Is my money market account FDIC insured?
If your money market account is at an FDIC-insured bank, yes. You can verify your bank's FDIC status using the BankFind tool at fdic.gov. At credit unions, the NCUA provides equivalent coverage up to the same $250,000 limit. Always confirm your institution's insured status before depositing.
What happens to my money market account if my bank fails?
The FDIC steps in immediately. In most bank failures, insured deposits are transferred to another institution within one to two business days with no loss of access to your funds. Balances within the $250,000 insurance limit are fully protected. Balances above the limit may be subject to partial loss depending on the failed bank's assets.

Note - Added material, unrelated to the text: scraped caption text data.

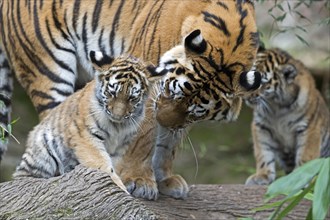 Two tiger cubs playing while an adult watches them, Siberian tiger, Amur tiger, (Phantera tigris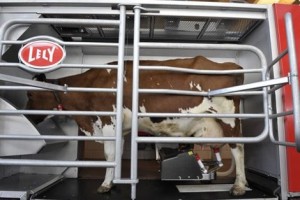 Корова во время доения роботом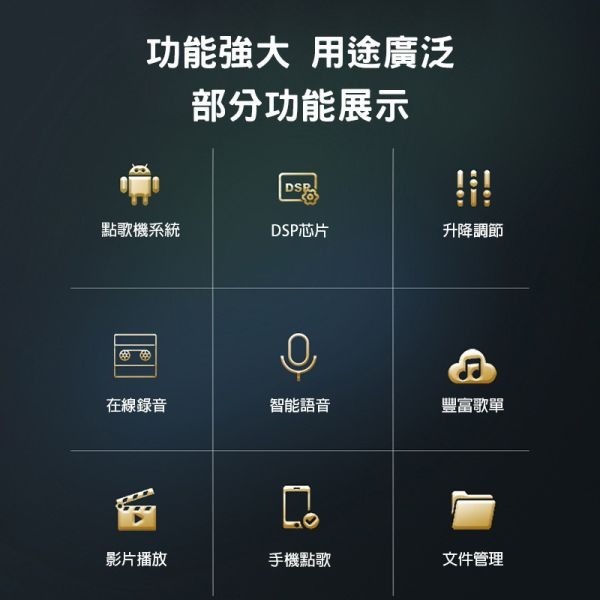 里歐街機 2024年新款 19.5吋2t音皇點歌機 AI智能語音點歌 內建擴大機 智能KTV 多種點歌方式 Yt點歌-細節圖3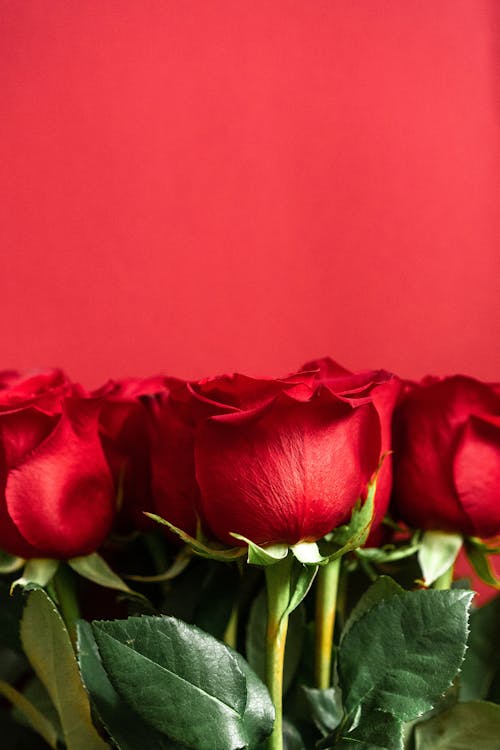 Bouquet of bright blooming roses with fresh green leaves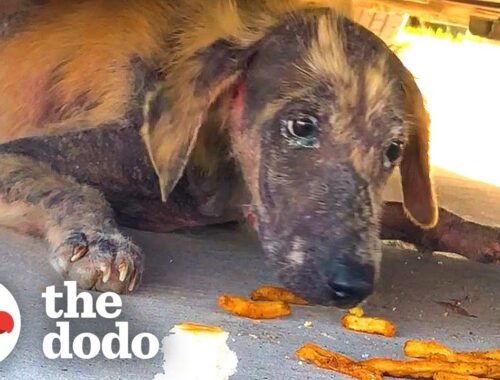 Abandoned Puppy Fought So Hard To Get Better | The Dodo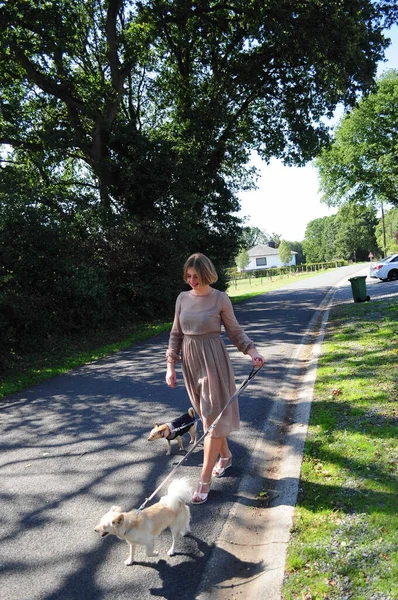 Young Beautiful Caucasian Girl Walks Two Dogs Road Tall Trees — Fotografia de Stock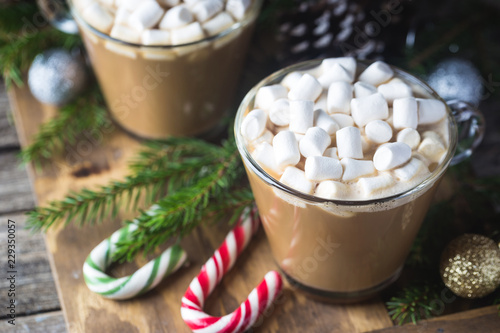 Cocoa with marshmallow photo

What if I have more than $250,000 in a money market account?
Balances above $250,000 at a single institution under a single ownership category are not insured. You can extend coverage by using multiple ownership categories at the same bank (individual, joint, IRA, trust) or by spreading balances across multiple FDIC-insured institutions. Each bank is a separate coverage limit, so there is no cap on how much you can protect in total.
Is a money market account safer than a savings account?
They are equally safe. Both money market accounts and savings accounts at FDIC-insured banks or NCUA-insured credit unions carry the same federal insurance protection up to $250,000 per depositor, per institution, per ownership category. The account type does not affect the insurance coverage level.